CARTER: We try to get the head out, and luckily this guy likes to stick his head out, but we kind of grab back here – we want to put our fingers back here because, as you can see they like to tuck in. … They're very strong. You want to pull their head out. … When we do that, we will feel the top of their head, just to feel that bump, and we do it very gently as well.
HAGI: So how does his feel?
CARTER: He feels like, you can visually see that he's got that bump overtop, and when you feel it, it's strong, so I would rate him a three, which for us that means that he's not underweight, he's not overweight, he's a healthy turtle!
The program launched in the fall with a seminar in which Wildlife Center staff gave lectures on rehabilitation once a week.
DR. KARRA PIERCE: It might be about physical exams, euthanasia, turtle husbandry.
Dr. Karra Pierce is the Wildlife Center's veterinary director. She said some of the Bridgewater turtles came to the center as confiscated, illegal pets – others, with injuries.
PIERCE: One of them actually had an oral abscess, so basically an ear infection that was treated at the Wildlife Center. That's now healed, but it's winter, so the turtle can't go back. … When spring comes, he'll be released back to the wild.
He can't go directly from treatment into the winter weather because box turtles in the wild are currently in a state of dormancy called brumation.
PIERCE: They kind of just hunker down in one spot and ride out the winter. … Usually it's going to be under some loose soil, leaf litter, mud, a place where temperatures stay more stable. They just want to kind of maintain a stable temperature. They might dig down a little bit to where the ground isn't going to freeze quite as much.
Having these medically stable turtles spend the winter at Bridgewater frees up space at the Wildlife Center for patients in need. As for the college students –
PIERCE: Wildlife rehabilitation has really become much more specialized, and there are really few formal academic pathways for people to receive training in this, or to receive training in working with wildlife in general, so this partnership is really going to help fill that gap … between classroom learning and then real-world, hands-on wildlife care.
Bridgewater College Professor Tamara Johnstone-Yellin said most of the students in this program are environmental science or biology majors looking to work with wildlife.

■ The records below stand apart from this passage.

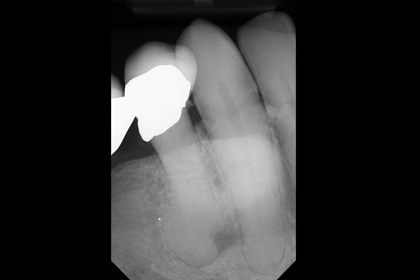Let's look at this first premolar. Once again, we have this bulbous enlargement of the root, consistent with hypercementosis. However, what's interesting is there is a round radiolucency that has apparently caused resorption of the root. You're also seeing a tooth with a large coronal restoration, and I believe this is a three-unit bridge.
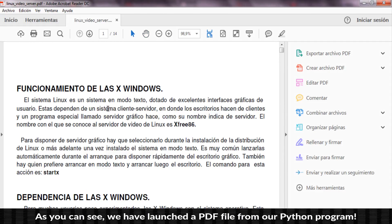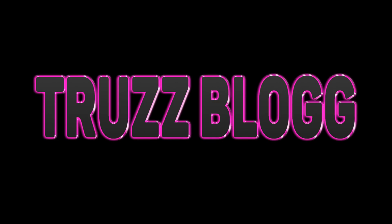As you can see, we have launched a PDF file from our Python program. Thank you for watching. Bye for now.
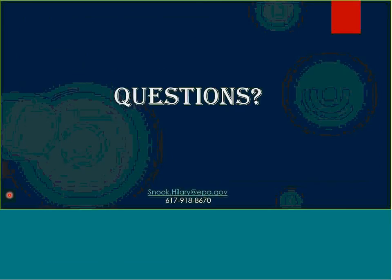That's it for my talk. It took longer than we hoped, but that's pretty much it. If anybody has any questions, I'd be happy to try to answer them.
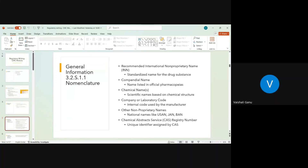Section 1.1 is the first serial number section, and this has a further hierarchy as 1.1, 1.2, 1.3, and so on. At the higher level of the CTD section it would be 3.2 S1, which is General Information, and then it gets further granularity: 3.2 S1.1 would be Nomenclature, 1.2 would be further, 1.3 would be further still. The major section naming is General Information 3.2 S1, which then further gets granularity at 1.1 Nomenclature.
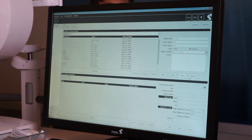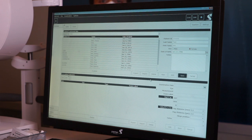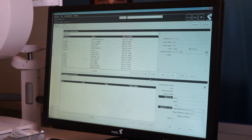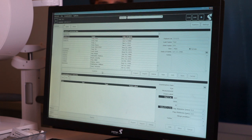Have them confirm their full name and date of birth before continuing. Then hit Save, and hit Examine.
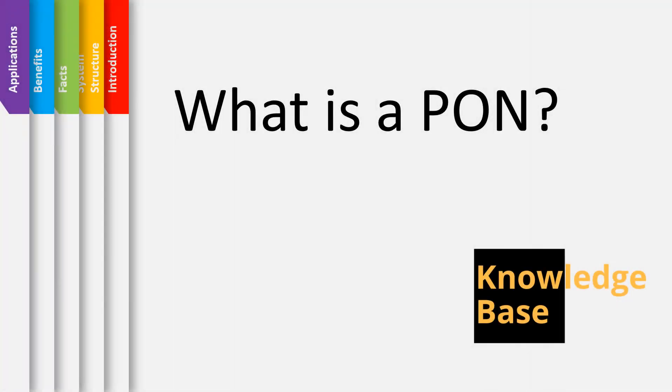Hello and welcome to this quick learning session from Knowledgebase. Today we will answer the question what is a PON? By the end of our session you should acquire the basic knowledge about a PON network.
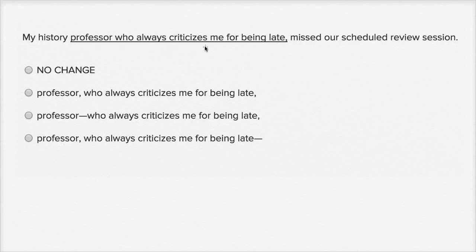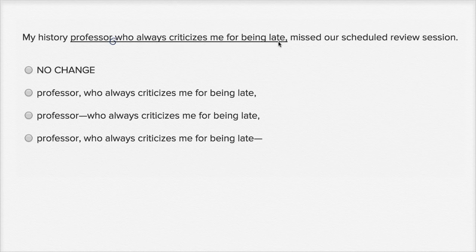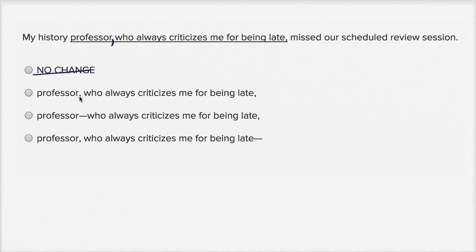My history professor, who always criticizes me for being late, missed our scheduled review session. You can tell just in how I read it, I had to put a pause in order for 'who always criticizes me for being late' to describe my history professor. So ideally I want to put a comma at the beginning and the end of this clause that is describing my history professor. I want to put a comma at the beginning and at the end. So I like that choice.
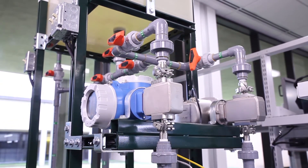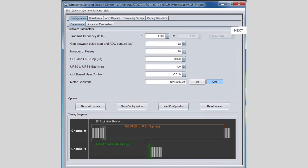The GUI is used to configure the software, including the excitation frequency, number of excitation pulses, the ADC sampling frequency, the delay between excitation and start of the capture, and the capture duration.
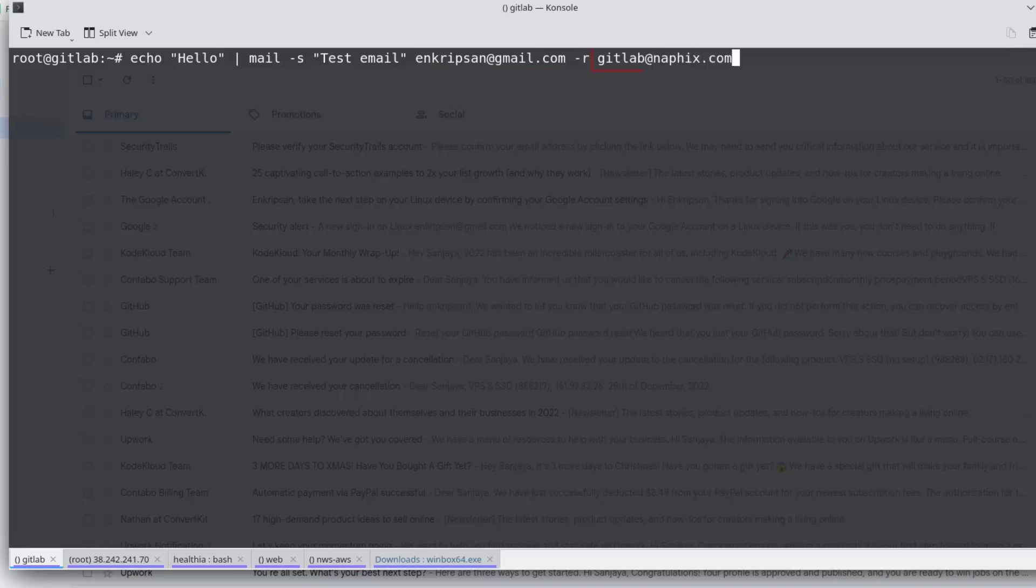That means instead of gitlab at nafix.com, you can use any other valid email address of any other domain. Now the email should be delivered. We can verify it by checking the mail log.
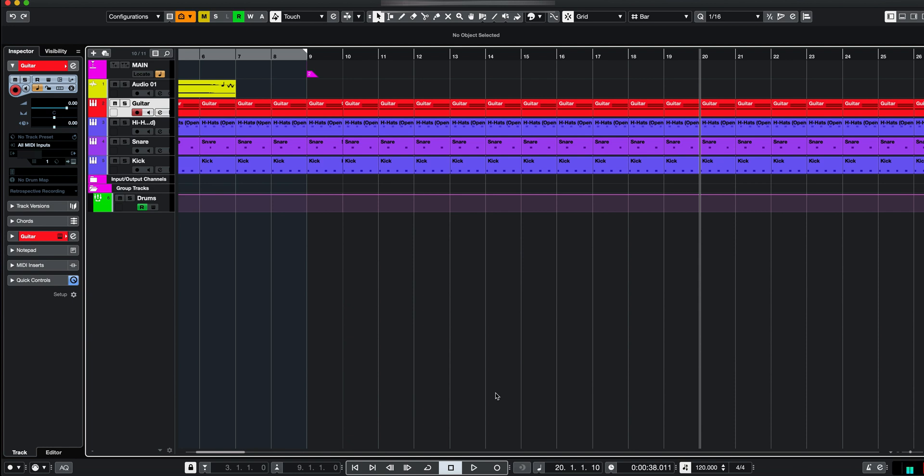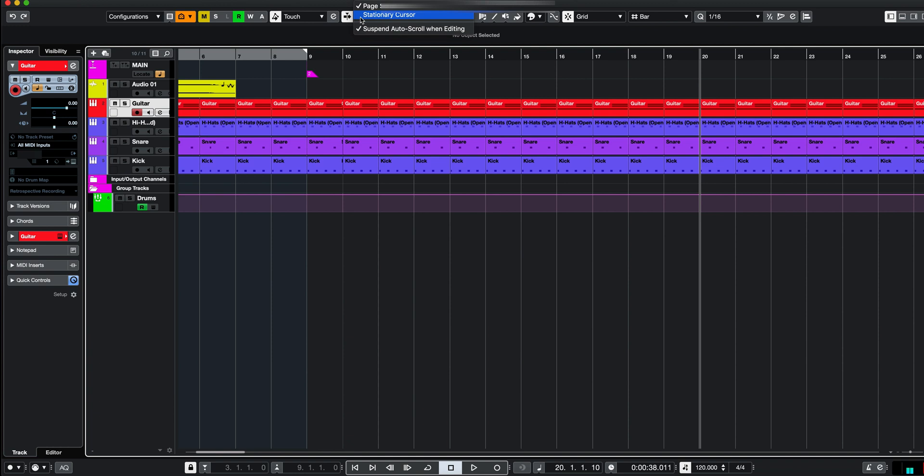So I've got this song here and I'm going to turn on auto scroll, which is this button here, or you can click F. And also you should see here an arrow, and if I click on this arrow, you get some options.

TAMARA JOHNSTONE-YELLIN: Many of them have the wildlife minor as well, and some of them are pre-vet or just interested in animals. And the main point of this program is to get them hands-on experience that they may not otherwise get. So as a pre-veterinary student, you have to have a certain number of clinic hours handling animals, and so this allows them to do that, but in a wildlife context, which is very different than a domestic animal context.

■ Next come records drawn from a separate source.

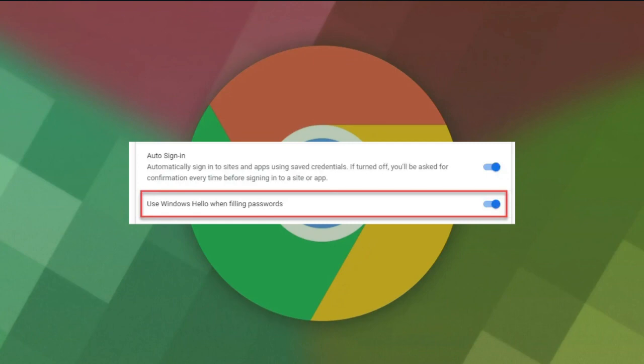Once you switch off the toggle button next to the 'Use Windows Hello when filling passwords' option, Chrome won't prompt you for PIN or biometrics authentication before automatically filling in your passwords.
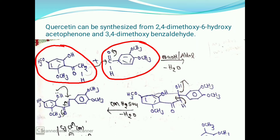Another compound is 3,4-dimethoxybenzaldehyde. In this structure, the three and four positions contain methoxy groups. The parent compound is benzaldehyde, with three and four positions containing methoxy groups. So this is called as 3,4-dimethoxybenzaldehyde.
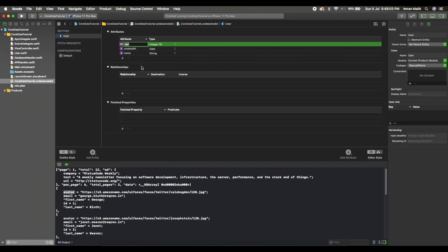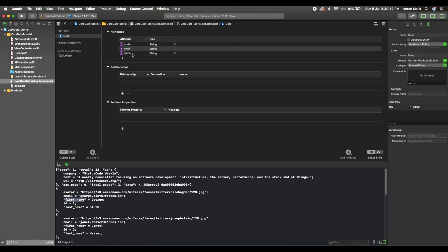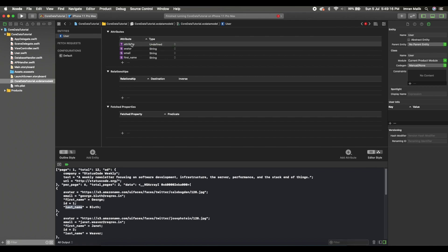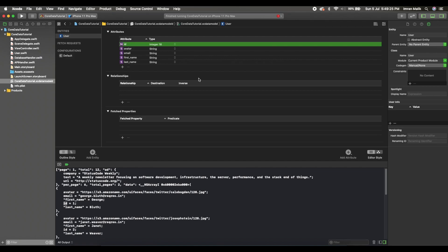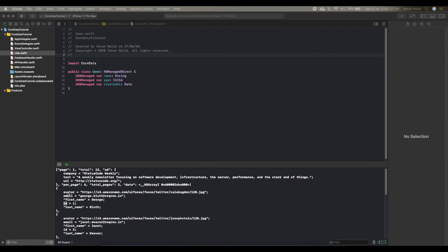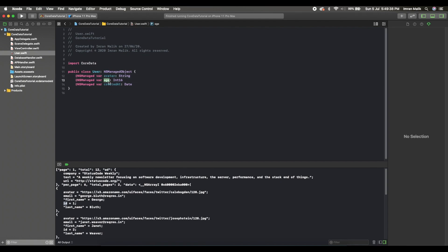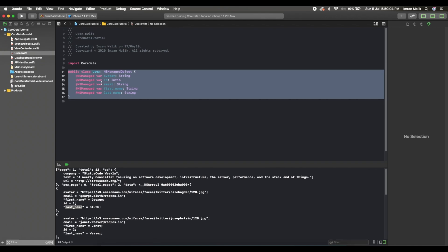Now we need to modify our Core Data entity with these new parameters. We go to the Core Data model and change the attributes: avatar is a String, email is a String, first name is a String, last name is a String, and id is an Int16. Then we go back to our User model and update the parameters accordingly.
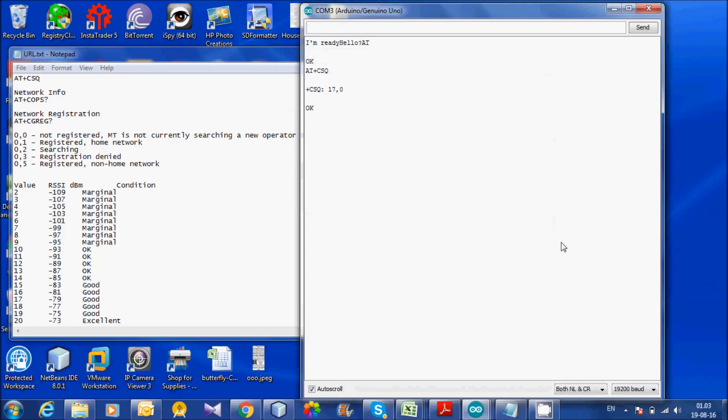Let us check the network information. It is connected with BGT Mobile.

That includes growing and preparing the turtles' food.
JOHNSTONE-YELLIN: So this is the slurry that we make [pops open canister] and it is based mostly on green leafy vegetables like kale, which we grow here. … We make up big batches and stick them in the freezer so we can just pull as needed. But it's made of the green leafies that we grow here. This is what's called a primate biscuit, which is a complete diet, so we mush that up and add that. Some apples, some carrots, some broccoli, sometimes an orange. … And then the topper, sometimes it's tomatoes – today's a tomato day. Sometimes it's a meat-based protein, and then we also have our colonies of invertebrates – our superworms and mealworms.
They also clean and disinfect the turtles' separate habitats, each boasting leaves, wood chips, dirt, hidey-holes, a wet rag, a small water pool, and a sun rock under a heat lamp. Emma Pultz, a senior biology major, is interning at the Wildlife Center in addition to taking this course.

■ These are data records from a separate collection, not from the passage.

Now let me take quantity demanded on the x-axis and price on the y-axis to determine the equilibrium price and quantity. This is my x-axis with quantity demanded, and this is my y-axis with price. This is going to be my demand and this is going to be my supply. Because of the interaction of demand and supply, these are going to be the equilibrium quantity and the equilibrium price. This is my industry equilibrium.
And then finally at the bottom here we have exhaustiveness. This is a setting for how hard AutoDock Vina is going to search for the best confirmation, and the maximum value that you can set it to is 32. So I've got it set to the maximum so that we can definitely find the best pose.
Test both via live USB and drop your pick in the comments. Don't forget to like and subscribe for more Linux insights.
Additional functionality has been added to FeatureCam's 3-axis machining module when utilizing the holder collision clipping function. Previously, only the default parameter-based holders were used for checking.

EMMA PULTZ: When I first took the class I didn't really know what I was doing and what I wanted to do after college, but since then I've become really interested in rehabilitating wildlife or becoming a wildlife vet tech.
The goal is for the Bridgewater program to expand to other species in the future, permits depending. The next group of patients may be aquatic turtles.
Full disclosure, Bridgewater College underwrites programming on WMRA.